SOURCE DATA:
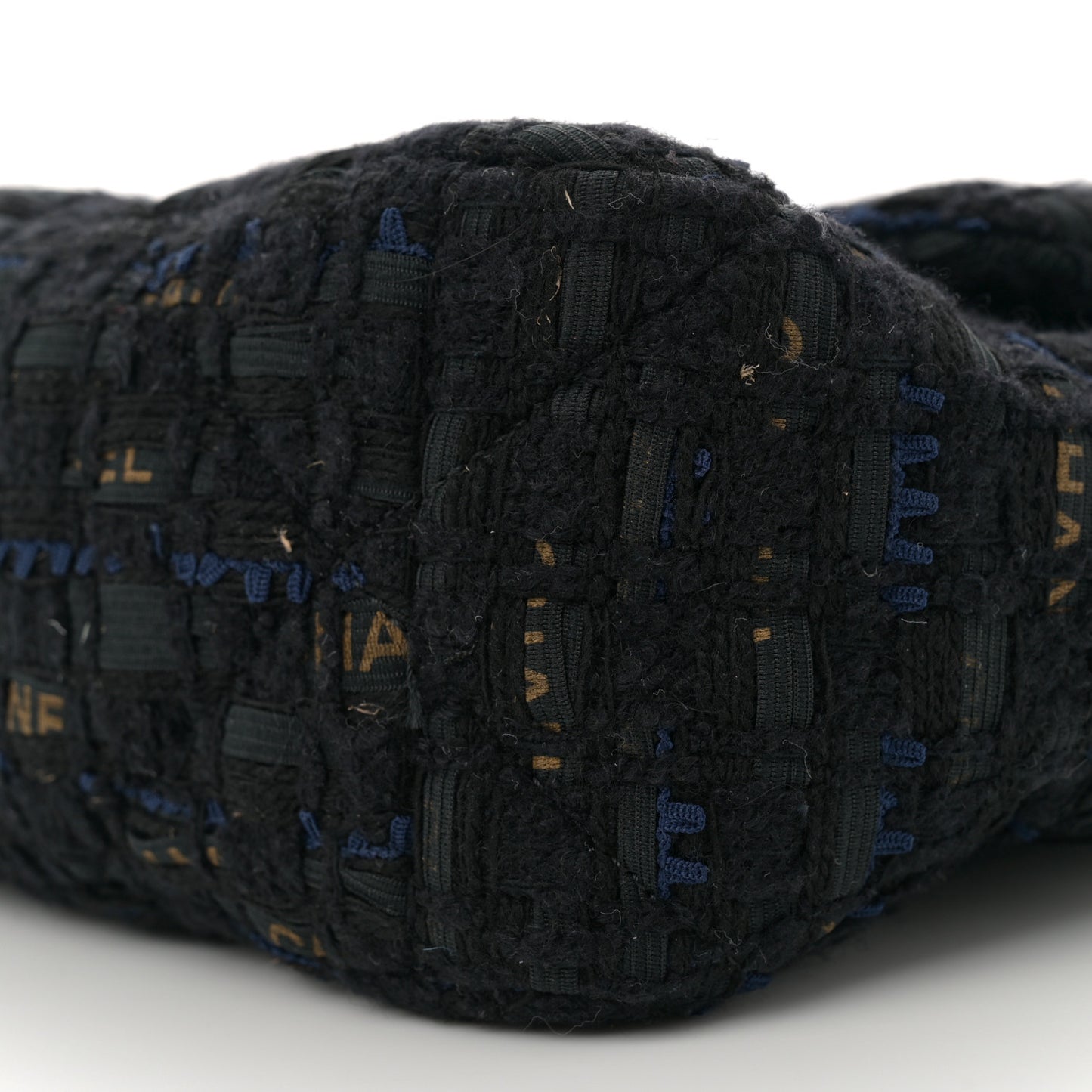 Tweed Quilted Large Chanel 19 Flap Black Navy Gold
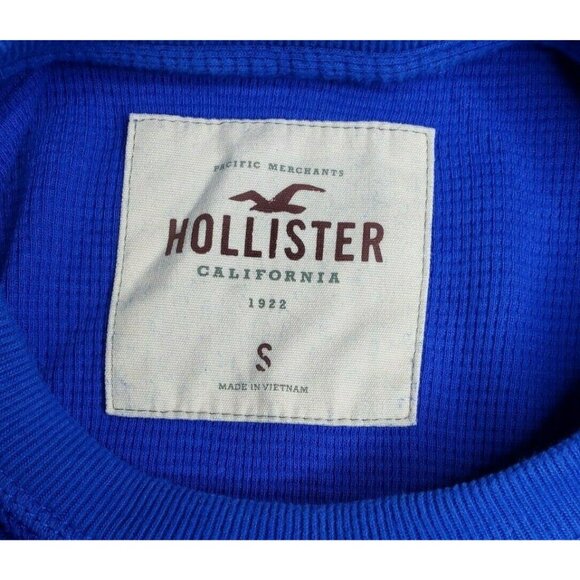 Hollister Blue Small Long Sleeve Crew Neck Shirt | Casual & Stylish Embroidered - Picture 9 of 12
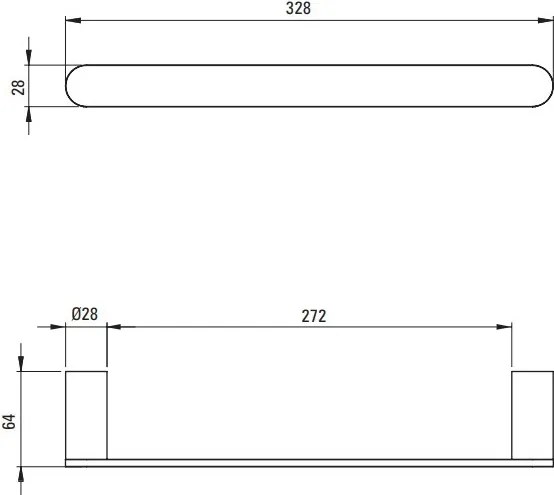 ROUND Suport pentru prosoape de perete - 300 mm finisaj negru ADR_N611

WHAT IS BEING ASKED: Restate the whole listing exactly as written, minus the pictures.

RESULT OF THIS TASK:
 Tweed Quilted Large Chanel 19 Flap Black Navy Gold
 Hollister Blue Small Long Sleeve Crew Neck Shirt | Casual & Stylish Embroidered - Picture 9 of 12
 ROUND Suport pentru prosoape de perete - 300 mm finisaj negru ADR_N611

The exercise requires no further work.